If you aren't explicitly a mathematician but there is a lot of math used as a tool in your field to solve problems (this is often the case with my field), it is understood that some people are stronger in the math than others. The whole point of having a field where people of different educational backgrounds work together is that you don't have to be an expert at every sub-skill and sub-task - you can have your own unique strengths without starting over at the fundamentals for every subject in play.

A strategy that I've found works very well is read some literature to see what techniques are used by others in their related research. If a technique comes up a few times (like, say, applying Dynamic Time Warping to analyze a time series), read into that bit to get a better high-level understanding of it - how it is used, it's strength and weakness, when it's not appropriate, etc.

At this point you may find that the technique just isn't relevant to your research - so you can probably skip it for now and move on. Sure, you don't understand it from top to bottom - but you just don't have time to learn everything in infinite detail! However, what if the technique seems really useful? Well, some people don't bother to understand it at all and just blindly apply it, because well other researchers have so it's probably fine. I'm not at all fond of this, and I would humbly suggest it leads to bad science, unreliable findings, and missed opportunities.

So if a technique seems useful to you, learn some more about it. Try to delve a little more deeply and find out just what the technique seems to actually do. What do some of the variables mean? How is the calculation performed overall - how does it behave based on some inputs compared to others, and why? Again, you probably have limited time, so don't feel you have to prove everything from first principles.

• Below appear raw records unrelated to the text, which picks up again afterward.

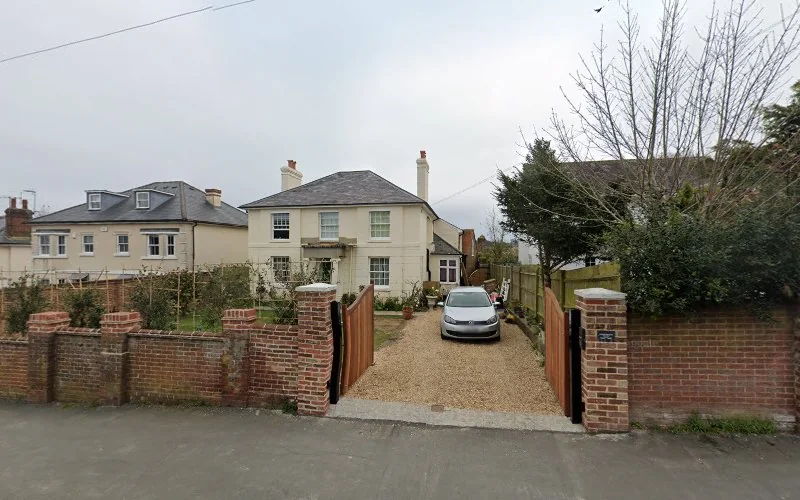 Earl Tim - Dental clinic in Uckfield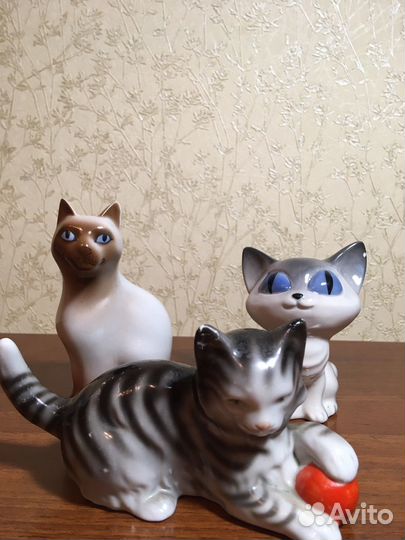 Фарфоровые статуэтки кошка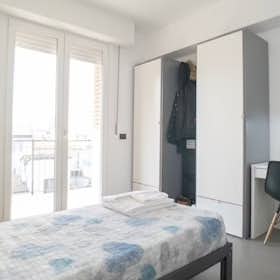 Shared room for rent for €450 per month in Milan, Via Luigi Mercantini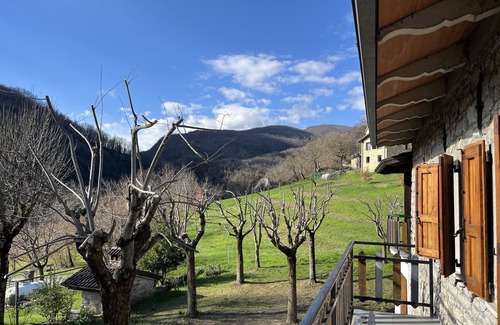 Bonzeto House | Charming Three-Bed Stone House With Mountain and River Views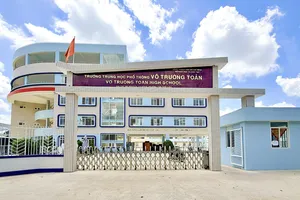 Trường THPT Võ Trường Toản, phường Thới An, được nâng cấp với tổng mức đầu tư hơn 158 tỷ đồng, chuẩn bị đón học sinh trong năm học mới 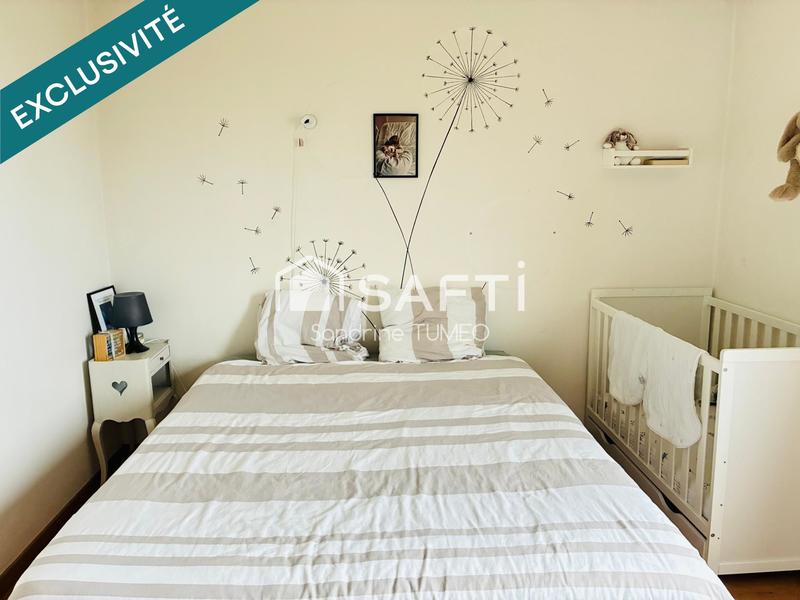 Maison - 95 m² - 4 pièces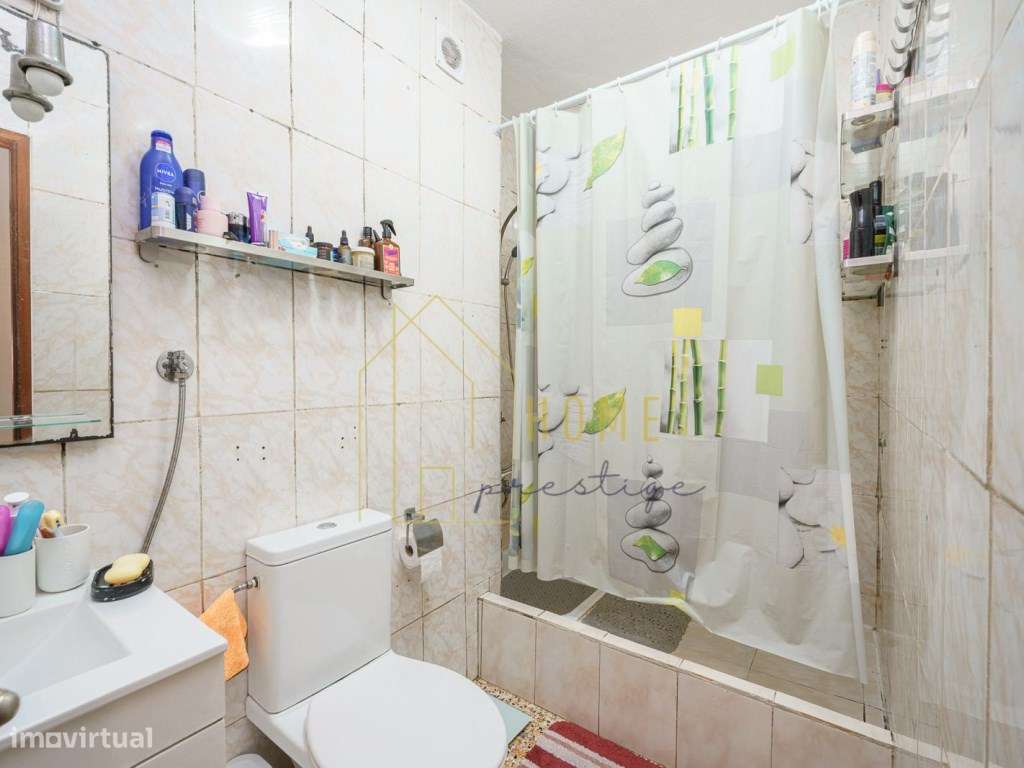 T2 em Setúbal - Sala Open Space e Prédio com Elevador-15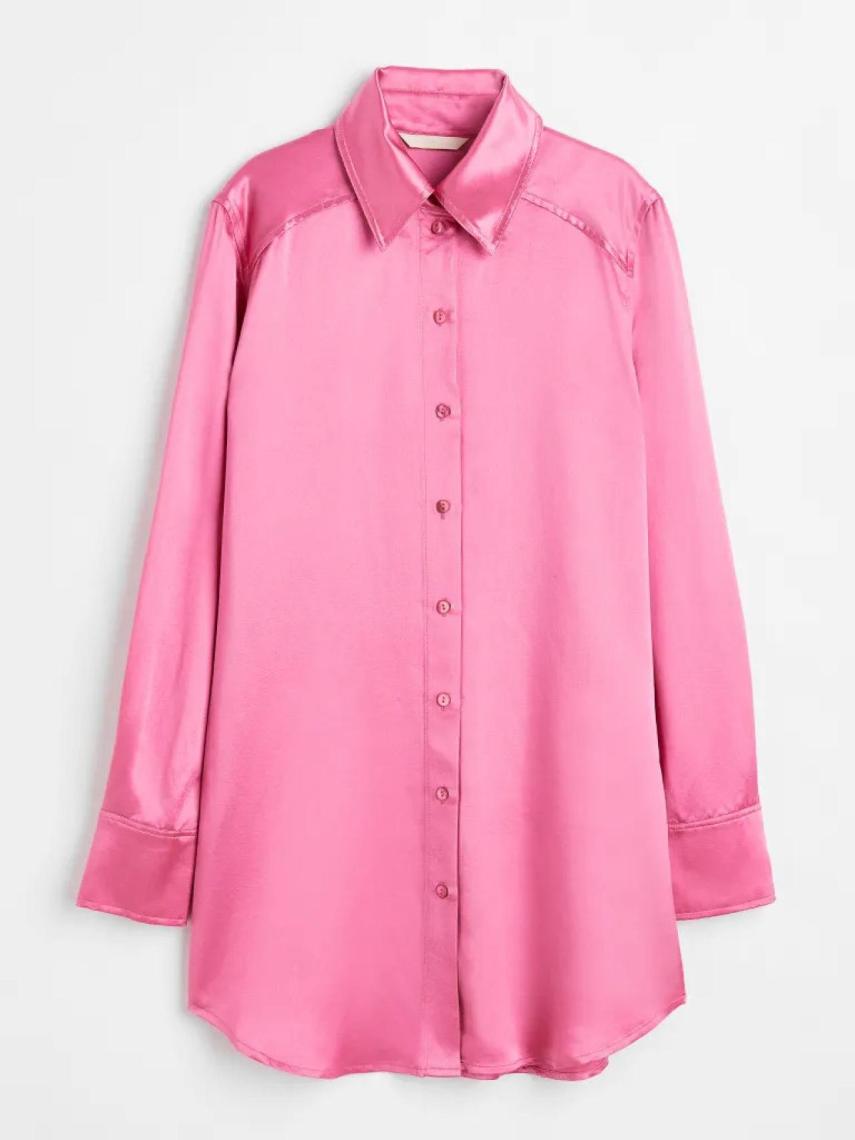 Camisa en mezcla de seda, de H&M (129 €).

Next, you still have some time to advance your understanding of the fundamentals. So especially as you read through the literature and useful techniques, what area is really hard for you? Is probability stumping you, or calculus, or dynamic programming, or are the notations and implicit variable meanings alien to you? Reserve a little of your time - perhaps a few hours a week at most - to strengthen yourself on the most fundamental issues. Perform a trivial calculation by hand, or read a textbook explanation of the notations used.

I've found the biggest pitfall is thinking you have to understand everything from square one right at the very beginning, and I have to fight the tendency to get sucked in to minutiae. But then often as little as a few days pass and suddenly I realize I have a far better understanding of something than I thought I did, and it wasn't really as hard as it seemed at first.

Now this works for me, and for plenty of other people I know, but I cannot say it will be the best for you, in your field, with your personality and own unique traits and talents. As always YMMV - find what works best for you!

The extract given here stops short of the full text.